Cities: opportunities or traps for the American Crow? Kevin J. McGowan, Section of Ecology & Systematics, Cornell University, Ithaca, NY 14853.
American Crows (Corvus brachyrhynchos) have become common urban birds, both roosting and breeding in cities and towns. Their presence in urban areas is a relatively recent phenomenon, having become common perhaps only in the last 30 years. With an increase in gun laws and a changing public attitude toward crows, urban areas could be newly available breeding opportunities. Fewer nest predators and dependable food supplies could even make cities preferred nesting localities.
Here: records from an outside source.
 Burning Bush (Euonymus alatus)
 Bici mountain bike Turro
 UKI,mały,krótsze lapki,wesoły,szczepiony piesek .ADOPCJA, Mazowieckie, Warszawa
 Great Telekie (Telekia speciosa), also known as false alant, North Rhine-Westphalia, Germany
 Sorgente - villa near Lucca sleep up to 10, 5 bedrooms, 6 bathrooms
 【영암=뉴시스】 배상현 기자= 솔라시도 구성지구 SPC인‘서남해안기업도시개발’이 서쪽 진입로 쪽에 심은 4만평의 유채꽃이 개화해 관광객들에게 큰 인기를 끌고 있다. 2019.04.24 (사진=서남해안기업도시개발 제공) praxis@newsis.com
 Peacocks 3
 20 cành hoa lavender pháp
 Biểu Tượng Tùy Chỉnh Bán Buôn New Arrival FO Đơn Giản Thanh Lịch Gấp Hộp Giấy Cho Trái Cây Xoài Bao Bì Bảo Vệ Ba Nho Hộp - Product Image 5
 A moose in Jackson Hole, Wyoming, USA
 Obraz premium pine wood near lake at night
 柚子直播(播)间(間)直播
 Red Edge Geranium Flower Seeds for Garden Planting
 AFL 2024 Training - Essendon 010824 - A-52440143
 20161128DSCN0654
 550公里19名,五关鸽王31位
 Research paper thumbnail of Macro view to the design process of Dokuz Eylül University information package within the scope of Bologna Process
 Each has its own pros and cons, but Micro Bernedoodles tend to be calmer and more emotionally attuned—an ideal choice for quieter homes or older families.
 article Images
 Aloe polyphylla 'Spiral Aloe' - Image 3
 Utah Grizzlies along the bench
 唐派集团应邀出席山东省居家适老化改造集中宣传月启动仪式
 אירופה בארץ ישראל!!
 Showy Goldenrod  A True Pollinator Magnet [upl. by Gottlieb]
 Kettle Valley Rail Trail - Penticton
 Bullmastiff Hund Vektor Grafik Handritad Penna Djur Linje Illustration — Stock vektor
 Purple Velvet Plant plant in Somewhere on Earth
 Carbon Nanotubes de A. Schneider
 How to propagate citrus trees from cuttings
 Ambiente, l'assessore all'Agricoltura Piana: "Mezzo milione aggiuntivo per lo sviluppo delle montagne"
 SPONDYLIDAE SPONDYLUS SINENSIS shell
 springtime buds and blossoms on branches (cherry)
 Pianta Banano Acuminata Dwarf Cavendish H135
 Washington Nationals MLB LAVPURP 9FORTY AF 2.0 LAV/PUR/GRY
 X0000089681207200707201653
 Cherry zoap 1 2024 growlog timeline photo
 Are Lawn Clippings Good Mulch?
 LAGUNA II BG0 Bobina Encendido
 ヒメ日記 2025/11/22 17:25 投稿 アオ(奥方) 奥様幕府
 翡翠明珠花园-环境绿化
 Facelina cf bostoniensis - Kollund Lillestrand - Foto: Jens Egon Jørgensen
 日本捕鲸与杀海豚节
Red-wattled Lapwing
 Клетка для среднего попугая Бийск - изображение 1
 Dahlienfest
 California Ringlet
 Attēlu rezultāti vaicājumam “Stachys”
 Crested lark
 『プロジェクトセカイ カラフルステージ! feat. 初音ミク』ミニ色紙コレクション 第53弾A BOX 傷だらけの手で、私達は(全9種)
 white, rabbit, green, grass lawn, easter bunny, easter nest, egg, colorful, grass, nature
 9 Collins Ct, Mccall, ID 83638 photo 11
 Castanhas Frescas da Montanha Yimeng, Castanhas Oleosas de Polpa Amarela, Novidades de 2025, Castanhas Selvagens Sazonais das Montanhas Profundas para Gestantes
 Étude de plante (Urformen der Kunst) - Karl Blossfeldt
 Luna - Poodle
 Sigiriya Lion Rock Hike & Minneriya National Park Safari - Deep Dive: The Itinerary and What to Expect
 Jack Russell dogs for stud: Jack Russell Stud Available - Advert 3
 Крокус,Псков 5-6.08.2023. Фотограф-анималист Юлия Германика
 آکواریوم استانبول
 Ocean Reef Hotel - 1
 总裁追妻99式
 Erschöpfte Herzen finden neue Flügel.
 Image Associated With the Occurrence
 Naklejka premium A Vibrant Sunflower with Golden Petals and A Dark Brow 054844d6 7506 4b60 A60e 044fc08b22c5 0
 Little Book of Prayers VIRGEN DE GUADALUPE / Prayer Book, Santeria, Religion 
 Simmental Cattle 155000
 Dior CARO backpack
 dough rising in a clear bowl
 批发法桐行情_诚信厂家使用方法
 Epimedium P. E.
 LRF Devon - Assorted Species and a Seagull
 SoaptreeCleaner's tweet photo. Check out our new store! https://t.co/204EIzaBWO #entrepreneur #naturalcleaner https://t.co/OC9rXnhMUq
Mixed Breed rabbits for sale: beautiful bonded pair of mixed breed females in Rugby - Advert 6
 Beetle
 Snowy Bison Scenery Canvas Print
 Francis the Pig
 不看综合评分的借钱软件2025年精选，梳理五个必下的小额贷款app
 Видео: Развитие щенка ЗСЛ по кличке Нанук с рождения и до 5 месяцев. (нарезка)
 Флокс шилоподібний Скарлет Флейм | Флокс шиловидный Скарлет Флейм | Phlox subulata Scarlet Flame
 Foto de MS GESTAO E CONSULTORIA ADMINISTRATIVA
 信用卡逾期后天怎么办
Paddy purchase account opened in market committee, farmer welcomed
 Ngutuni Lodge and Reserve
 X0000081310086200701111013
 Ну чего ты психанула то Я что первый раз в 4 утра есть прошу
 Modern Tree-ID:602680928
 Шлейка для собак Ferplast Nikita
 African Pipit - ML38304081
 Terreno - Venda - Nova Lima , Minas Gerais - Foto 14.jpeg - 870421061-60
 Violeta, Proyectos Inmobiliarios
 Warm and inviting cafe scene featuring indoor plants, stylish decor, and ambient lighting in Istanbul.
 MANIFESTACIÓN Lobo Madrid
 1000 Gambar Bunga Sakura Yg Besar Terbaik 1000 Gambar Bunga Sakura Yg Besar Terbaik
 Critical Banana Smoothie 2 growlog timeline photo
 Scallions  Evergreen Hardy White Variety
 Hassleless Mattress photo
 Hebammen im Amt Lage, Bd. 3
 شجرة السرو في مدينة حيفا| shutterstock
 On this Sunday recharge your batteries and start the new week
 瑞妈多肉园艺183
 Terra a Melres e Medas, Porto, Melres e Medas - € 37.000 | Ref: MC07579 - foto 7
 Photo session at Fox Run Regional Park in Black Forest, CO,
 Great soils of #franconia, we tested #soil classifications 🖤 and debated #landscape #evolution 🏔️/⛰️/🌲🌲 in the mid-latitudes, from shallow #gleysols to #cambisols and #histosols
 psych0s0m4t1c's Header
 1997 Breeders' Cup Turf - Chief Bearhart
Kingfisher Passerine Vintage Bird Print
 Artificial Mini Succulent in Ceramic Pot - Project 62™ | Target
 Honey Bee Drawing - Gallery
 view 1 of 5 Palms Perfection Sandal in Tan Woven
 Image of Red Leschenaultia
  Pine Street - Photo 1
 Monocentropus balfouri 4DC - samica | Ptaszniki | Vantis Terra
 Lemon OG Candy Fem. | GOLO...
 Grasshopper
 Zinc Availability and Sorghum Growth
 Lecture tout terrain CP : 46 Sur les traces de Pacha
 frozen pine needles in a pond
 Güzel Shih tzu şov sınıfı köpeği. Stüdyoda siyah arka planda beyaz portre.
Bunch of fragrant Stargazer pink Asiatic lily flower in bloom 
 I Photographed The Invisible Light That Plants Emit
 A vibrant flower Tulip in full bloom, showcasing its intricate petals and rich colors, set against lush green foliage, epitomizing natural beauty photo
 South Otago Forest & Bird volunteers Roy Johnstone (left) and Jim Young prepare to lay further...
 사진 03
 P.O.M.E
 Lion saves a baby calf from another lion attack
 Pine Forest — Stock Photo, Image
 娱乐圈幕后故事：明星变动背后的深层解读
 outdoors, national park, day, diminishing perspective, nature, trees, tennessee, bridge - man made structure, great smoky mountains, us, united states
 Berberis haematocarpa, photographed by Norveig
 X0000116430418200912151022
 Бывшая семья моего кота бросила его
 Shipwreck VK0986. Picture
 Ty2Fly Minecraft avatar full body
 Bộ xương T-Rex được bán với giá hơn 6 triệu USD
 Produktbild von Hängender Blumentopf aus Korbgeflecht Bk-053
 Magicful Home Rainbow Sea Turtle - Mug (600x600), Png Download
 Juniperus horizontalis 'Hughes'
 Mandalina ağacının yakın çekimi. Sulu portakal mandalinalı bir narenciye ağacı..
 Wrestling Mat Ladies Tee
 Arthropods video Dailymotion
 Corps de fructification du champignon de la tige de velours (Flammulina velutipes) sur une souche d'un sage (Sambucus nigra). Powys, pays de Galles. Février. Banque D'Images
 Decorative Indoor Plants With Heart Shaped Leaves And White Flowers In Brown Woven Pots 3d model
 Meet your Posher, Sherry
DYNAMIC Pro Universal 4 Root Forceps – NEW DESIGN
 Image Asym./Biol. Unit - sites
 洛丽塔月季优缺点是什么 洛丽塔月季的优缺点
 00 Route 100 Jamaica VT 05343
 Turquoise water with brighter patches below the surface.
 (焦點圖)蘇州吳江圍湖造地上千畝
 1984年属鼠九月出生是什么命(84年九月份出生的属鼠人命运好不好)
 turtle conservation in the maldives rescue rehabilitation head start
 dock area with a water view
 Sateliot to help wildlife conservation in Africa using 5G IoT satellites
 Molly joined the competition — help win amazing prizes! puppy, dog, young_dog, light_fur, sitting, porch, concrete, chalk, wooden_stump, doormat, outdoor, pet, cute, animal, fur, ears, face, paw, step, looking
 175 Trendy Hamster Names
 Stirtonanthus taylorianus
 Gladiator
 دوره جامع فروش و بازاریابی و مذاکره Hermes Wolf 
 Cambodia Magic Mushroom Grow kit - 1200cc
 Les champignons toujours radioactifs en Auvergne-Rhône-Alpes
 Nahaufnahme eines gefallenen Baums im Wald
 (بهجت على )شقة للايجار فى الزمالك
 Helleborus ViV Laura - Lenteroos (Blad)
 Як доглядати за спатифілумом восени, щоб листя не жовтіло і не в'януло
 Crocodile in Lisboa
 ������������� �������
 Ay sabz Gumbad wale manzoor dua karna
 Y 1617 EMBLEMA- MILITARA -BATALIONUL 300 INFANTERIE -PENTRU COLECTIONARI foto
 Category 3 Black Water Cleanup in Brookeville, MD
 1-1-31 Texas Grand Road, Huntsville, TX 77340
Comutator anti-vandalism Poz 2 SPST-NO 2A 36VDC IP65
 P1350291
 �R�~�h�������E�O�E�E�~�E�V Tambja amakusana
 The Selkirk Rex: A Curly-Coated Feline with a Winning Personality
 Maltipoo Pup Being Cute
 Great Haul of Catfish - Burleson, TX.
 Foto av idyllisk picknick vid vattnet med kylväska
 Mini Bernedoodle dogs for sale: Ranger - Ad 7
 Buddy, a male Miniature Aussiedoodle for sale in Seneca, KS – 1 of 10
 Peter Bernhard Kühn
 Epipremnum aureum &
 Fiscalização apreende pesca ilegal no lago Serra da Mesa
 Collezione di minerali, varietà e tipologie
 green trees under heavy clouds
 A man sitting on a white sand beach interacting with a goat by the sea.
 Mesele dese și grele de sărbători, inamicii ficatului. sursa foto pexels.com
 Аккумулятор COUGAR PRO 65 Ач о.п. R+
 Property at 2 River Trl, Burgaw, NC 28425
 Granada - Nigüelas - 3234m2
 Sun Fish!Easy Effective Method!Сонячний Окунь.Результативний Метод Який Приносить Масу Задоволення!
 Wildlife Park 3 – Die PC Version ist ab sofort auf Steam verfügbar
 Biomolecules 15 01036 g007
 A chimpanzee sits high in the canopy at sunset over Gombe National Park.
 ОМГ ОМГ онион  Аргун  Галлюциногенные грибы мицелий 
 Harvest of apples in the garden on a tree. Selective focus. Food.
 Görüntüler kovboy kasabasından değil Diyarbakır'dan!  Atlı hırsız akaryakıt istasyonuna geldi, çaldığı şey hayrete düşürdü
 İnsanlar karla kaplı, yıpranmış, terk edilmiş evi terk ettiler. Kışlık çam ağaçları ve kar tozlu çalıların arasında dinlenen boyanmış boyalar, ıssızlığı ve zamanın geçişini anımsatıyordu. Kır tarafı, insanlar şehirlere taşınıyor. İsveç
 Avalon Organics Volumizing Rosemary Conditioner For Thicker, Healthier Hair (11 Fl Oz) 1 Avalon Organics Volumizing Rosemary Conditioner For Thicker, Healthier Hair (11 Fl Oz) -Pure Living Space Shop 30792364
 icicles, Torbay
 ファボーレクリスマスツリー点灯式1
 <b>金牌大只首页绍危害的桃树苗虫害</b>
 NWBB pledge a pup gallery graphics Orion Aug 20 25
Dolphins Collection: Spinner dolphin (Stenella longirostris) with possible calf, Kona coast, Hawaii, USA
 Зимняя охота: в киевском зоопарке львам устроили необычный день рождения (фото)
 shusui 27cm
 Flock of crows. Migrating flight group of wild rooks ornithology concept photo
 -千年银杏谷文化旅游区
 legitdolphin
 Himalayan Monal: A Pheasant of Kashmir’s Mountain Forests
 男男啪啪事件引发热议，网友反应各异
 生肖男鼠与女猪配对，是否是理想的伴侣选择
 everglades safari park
Another possibility exists, however, that cities could be ecological traps: attractive nesting areas that do not allow breeders to replace themselves in the population. This study examined nesting biology of urban and rural crows around Ithaca, New York. Comparisons were made of timing of nesting, nest density, helper presence, nest success, chick growth, and fledgling survival. Urban American Crows nested significantly earlier and at higher densities than rural crows. Nest success was equal between the areas, but rural nests produced significantly larger young. Crows produced in town had high survival and some eventually were able to gain breeding opportunities. Urban nesting appears to be an opportunity, not a trap.